Por Reinaldo Azevedo

Sim, a Câmara dos Deputados tem de cassar o mandato de Eduardo Bolsonaro porque:
1: ele quebrou o decoro parlamentar. A previsão está na Constituição, e o detalhamento está no Código de Ética e Decoro Parlamentar;
2: para mandar um recado a Jair Bolsonaro. É preciso dizer a ele: “Esta Casa não tem medo de seus arreganhos autoritários”.

Não há nenhuma razão objetiva, de resto, para inferir que o jogo de radicalização estrelado pelos irmãos Carlos e Eduardo não seja combinado com o pai.

Dados os respectivos conteúdos, especular sobre um novo AI-5 é muito mais grave do que proibir a compra, por órgão federal, de um jornal em particular — a Folha — ou de ameaçar seus anunciantes privados, como fez Bolsonaro.

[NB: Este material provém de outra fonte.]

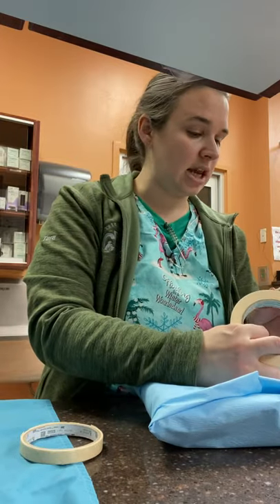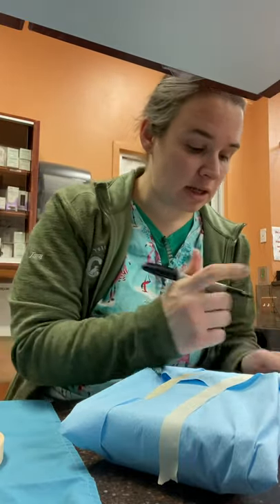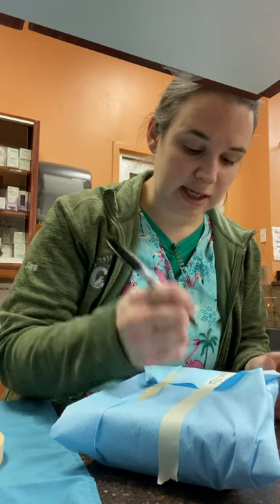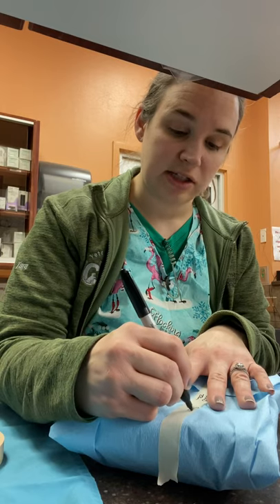We use the indicator tape and another tape to help secure it. Then we label what our pack is — this is our general surgery pack. We place today's date on it and our initials, and we'll put 'sterilized' on.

É mais grave porque, viesse o tal ato, a perseguição à imprensa independente seria ainda pior e mais ampla. Ocorre que, além do conteúdo, é preciso ver a estatura do cargo.

Eduardo é deputado. Em tese, ao menos, a sua interferência no governo, como líder do partido do PSL na Câmara, se dá na esfera da pressão político-partidária.

Já o pai é presidente da República e demonstra, mais uma vez, que pode usar o cargo para, na sua intenção original ao menos, punir desafetos, adversários, oponentes e, não poderia ser diferente, a imprensa livre.

Notem: Eduardo fez uma especulação, que agrediu, sim, um valor constitucional e o Código de Ética da Casa. Jair foi além: ele agiu. E pôs a força do seu cargo para tentar pressionar anunciantes.

Ora, a perseguição sistemática à imprensa livre é um dos elementos do AI-5 sonhado por Eduardo, não é mesmo?

Custa muito a um presidente que atua com esse desassombro tirânico fazer uma dobradinha com os porras-loucas da família para intimidar as instituições — a começar do próprio Congresso?

Da mesma sorte, não acredito na inocência — nem nas desculpas — do presidente no episódio doas leões machos que se acariciam depois de vencer as hienas. E, entre elas, está o Supremo.

Trata-se de uma escolha.

Fica-se com a impressão de que a família decidiu atacar para se defender. A reportagem levada ao ar na terça pelo Jorna Nacional é mera desculpa. Como resta claro, Bolsonaro já sabia que seu nome havia aparecido na investigação do caso Marielle.

A virulência da reação, no entanto, pode apontar para outros temores, ainda desconhecidos do distinto público.

A Câmara dos Deputados tem de cassar o mandato de Eduardo porque a quebra do decoro é evidente, escancarada, arreganhada. Mas também tem de fazê-lo para mandar um recado ao Palácio do Planalto: “Não ouse ir além das suas sandálias”.

É mentira! Os Bolsonaros não temem um “chilaço” no Brasil — até porque não há o menor indício de que algo parecido possa acontecer.

Tudo indica que a escalda da radicalização busca criar uma bolha para proteger a família daquilo que a deputada Joice Hassemann (PSL-SP), que é um deles, chamou de “o que fizeram no Verão passado”.

Não se trata apenas de pôr limites a Eduardo e a Carlos. É preciso pôr limites em Jair. Os limites da Constituição.

Uma das formas eloquentes de fazê-lo é cassando Eduardo, sim! Até porque ele quebrou o decoro. A punição terá um caráter didático.